Infrared radiation, or simply infrared or IR, is electromagnetic radiation (EMR) with longer wavelengths than those of visible light, and is therefore invisible, although it is sometimes loosely called infrared light. IR data transmission is employed in short-range communication among computer peripherals and personal digital assistants.


IrDA refers to a complete set of protocols for wireless infrared communications. The main reason for using IrDA had been wireless data transfer over the “last one meter” using point-and-shoot principles. Thus, it has been implemented in portable devices such as mobile telephones, laptops, cameras, printers, and medical devices. Main characteristics of this kind of wireless optical communication is physically secure data transfer, line-of-sight (LOS) and very low bit error rate (BER) that makes it very efficient.

  • IrPHY (Infrared Physical Layer Specification)
  • IrLAP (Infrared Link Access Protocol)
  • IrLMP (Infrared Link Management Protocol))
  • Tiny TP (Tiny Transport Protocol)
  • IrLAN (Infrared Local Area Network)
  • IrSimple

IrDA was popular on PDAs, laptops and some desktops from the late 1990s through the early 2000s. However, it has been displaced by other wireless technologies such as Wi-Fi and Bluetooth, favored because they don’t need a direct line of sight and can therefore support hardware like mice and keyboards. It is still used in some environments where interference makes radio-based wireless technologies unusable.

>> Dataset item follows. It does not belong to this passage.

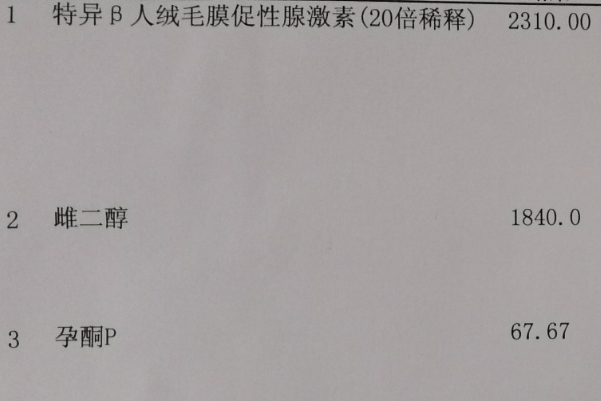 浅析移植前孕酮和雌二醇的最佳浓度，过多过少都不利于手术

An attempt was made to revive IrDA around 2005 with IrSimple protocols by providing sub-1-second transfers of pictures between cell phones, printers, and display devices. IrDA hardware was still less expensive and didn’t share the same security problems encountered with wireless technologies such as Bluetooth. For example, some Pentax DSLRs (K-x, K-r) incorporated IrSimple for image transfer and gaming.